Hawes Mechanical Television Archive by James T. Hawes, AA9DT
Two-Color Television Systems, Part 4

TV System Flicker Comparison

The table below compares speed and flicker characteristics of various television systems. You'll notice that the table includes both field-sequential and simultaneous color systems.

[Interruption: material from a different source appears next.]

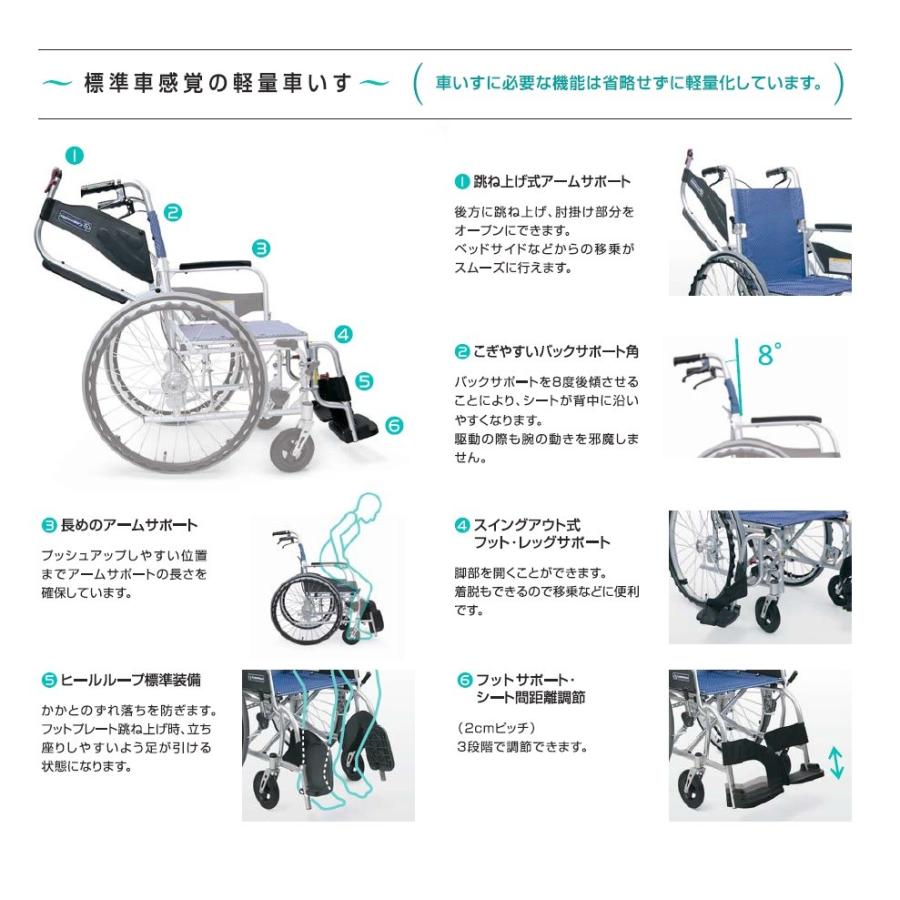 カワムラサイクル (法人様送り専門店) 車いす ふわりすプラス 自走用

Model FPS Speed Comparison Flicker rating
Col-R-Tel, 3 colors* 10 100% D
Col-R-Tel, 2 colors* 30 300% A
Apollo color
mooncam* (on moon)
10 100% D
Apollo color
mooncam (post-conversion)
30 300% A
Spectrac* 30 300% A
Color-AT&T 16 160% C
CBS* 24 240% B
PAL 25 250% B
NTSC 30 300% A
Chromacoder* 30 300% A

*Indicates field-sequential. Rest are simultaneous color systems.

Notes

  • "Speed Comparison" is a rating of color frames per second. This rating is a multiple of 10 fps.

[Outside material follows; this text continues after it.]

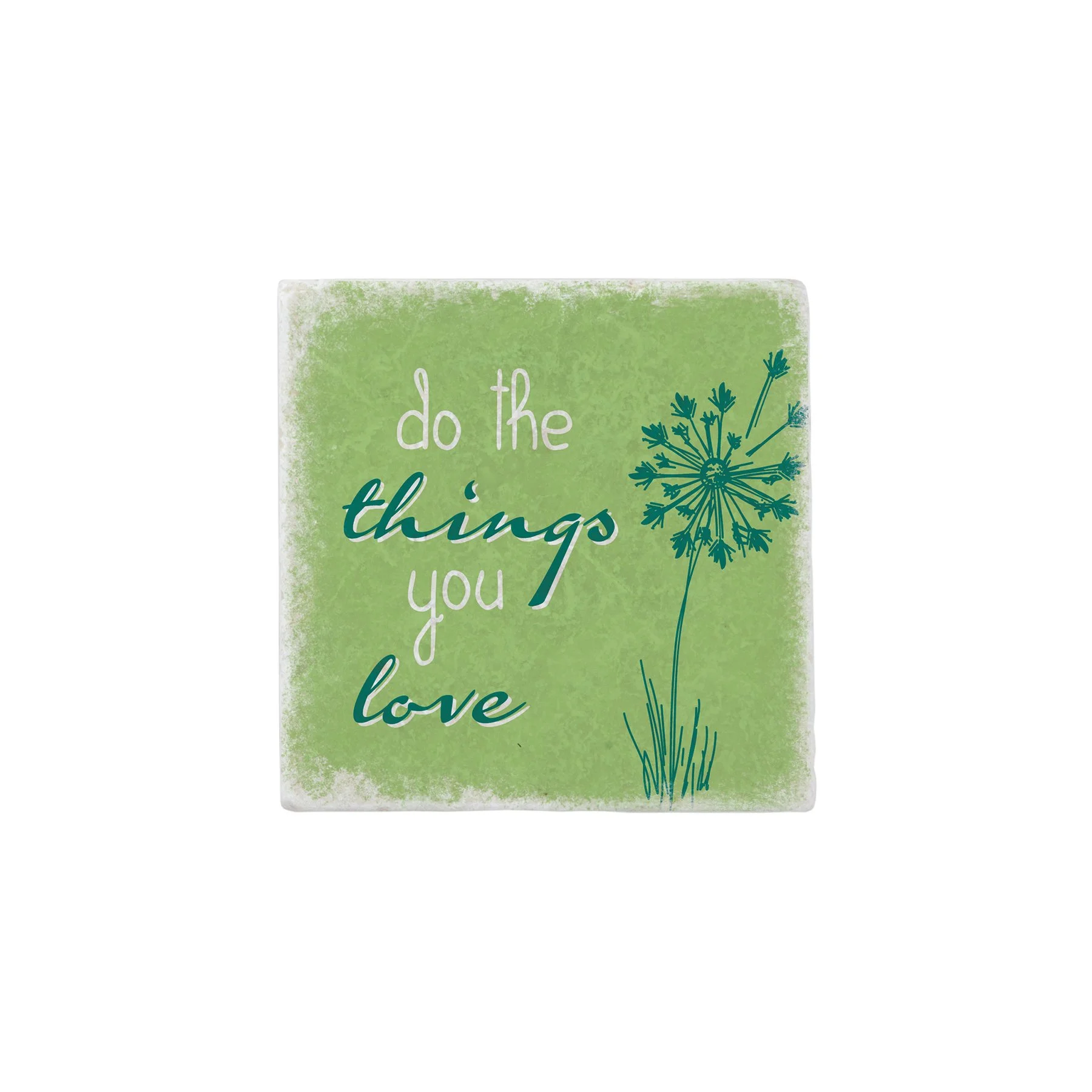 Gespaensterwald Marble Coaster, dandelion 0932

  • Apollo color mooncams are field-sequential at camera, but output from downlink is simultaneous, NTSC, PAL or SECAM color.

  • Spectrac halves output video resolution in vertical direction.

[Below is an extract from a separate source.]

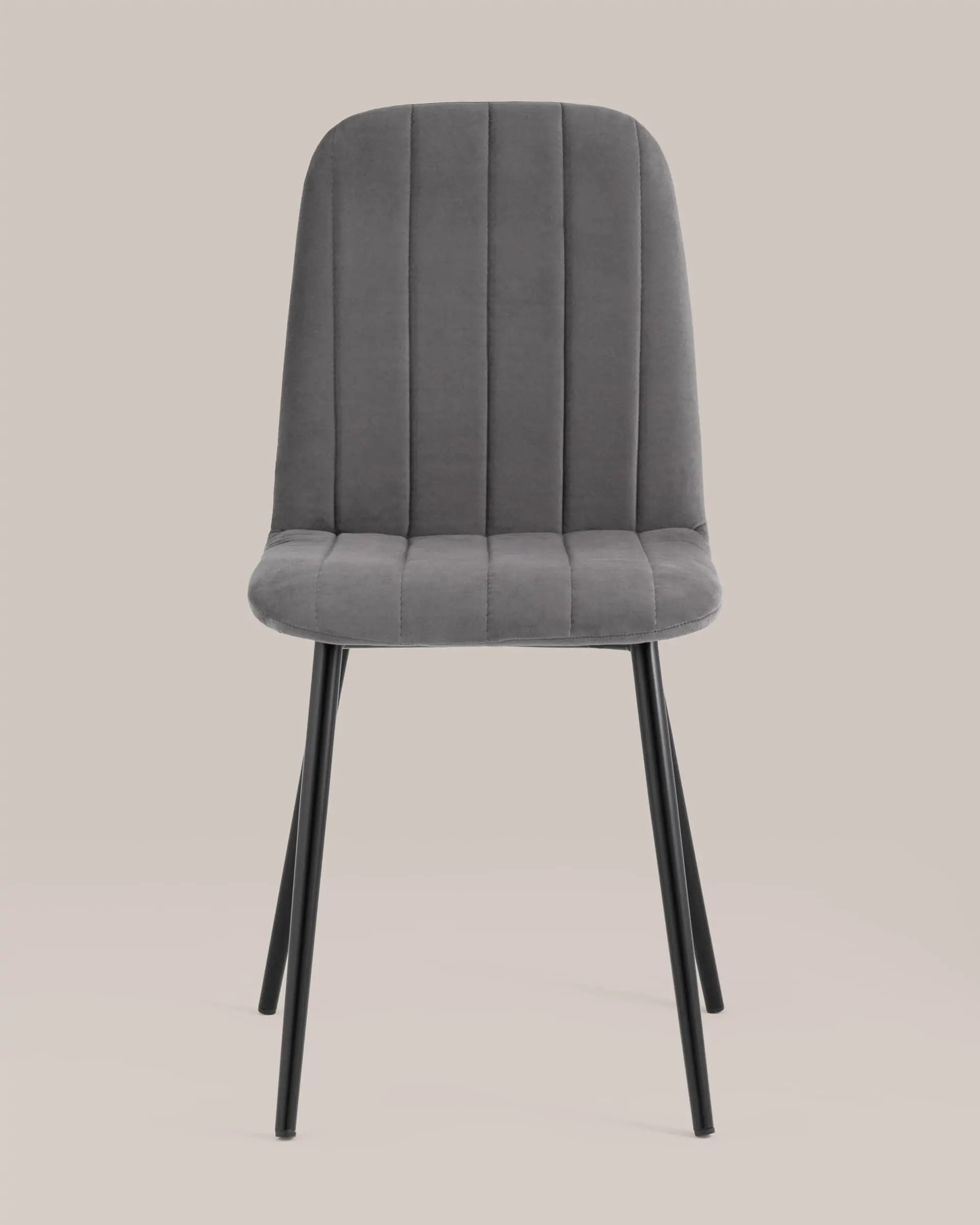 Стул Easy велюр тёмно-серый 2 шт. комплект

  • Chromacoder is field-sequential at camera, but output is simultaneous, NTSC color.

Flicker Ratings

  • A = Barely perceptible flicker
  • B = Slight flicker
  • C = Minimal flicker
  • D = Tolerable flicker
  • F = Terrible flicker (impractical device)

2.5-Color TV

What is 2.5-color TV? This is my name for an idea by Dave Ingram K4TWJ. Dave hatches his unique color scheme on page 189 of his Slow-Scan TV Handbook. The idea of 2.5 is to transmit a picture in two primary colors. But you reproduce the picture in three primary colors. In this system, the third color doesn't derive from the other two colors.

Some background. These days, Dave's book is a very old but still very informative. Inside are details of a bygone TV hardware system. In 1977 or so, Ingram and others were improving the original, Copthorne Macdonald slow-scan system. Macdonald invented the system in 1958 and with his buddies refined it for about ten years. Later Macdonald became an editor of Mother Earth News.

Wizard of Oz photos off two-color TV by Cliff Benham Benham 2-color TV displays Dorothy and Scarecrow from The Wizard of Oz. Mouse over for Munchkins.

SSTV specs. By 1968, SSTV was an FM, still-picture TV system. Ten years after that, hams digitized the system. Today, software replaces most of the dedicated hardware. Anyway, the SSTV spectrum occupies a ham radio voice band. This band runs from 300 to 3,000 Hz. Analog SSTV is an FM picture signal without audio. The usual method is to superimpose an FM subcarrier on an SSB signal. Hams call the modulation method SCFM, or subcarrier frequency modulation. The FM subcarrier is at 2300 Hz. The lowest frequency, sync, is 1200 Hz. Picture black is 1500 Hz. Picture white is 2300 Hz. In the classic standard, frames of 120 lines transmit in about 8 seconds. (That's 8.5 seconds for computer-generated frames of 128 lines.)

Today, new slow-scan modes replace this original mode. The new modes such as Scottie-1 and Martin-1 offer color and better definition. In fact, these two modes each provide about four times the definition of classic Macdonald mode. There's no free lunch, though: Transmission time is far longer, too. Yet analog slow-scan TV still uses the same SCFM subcarrier frequencies.

How 2.5-color SSTV works. Anyway, on to 2.5-color SSTV. When he published, Ingram speculated about means of colorizing SSTV. One of his color methods was this "2.5-color TV." In this system, you transmit the green and red signals on subcarriers. Then at the receiver, you apply these detected signals to the CRT guns. You drive the blue gun with a very weak, adjustable DC level. This level covers the picture with a blue tint. In Ingram's theory, the blue tint simulates true blue. Of course blue only makes up 10 percent of a color picture. The idea is that a DC level might trick the eye into seeing full color.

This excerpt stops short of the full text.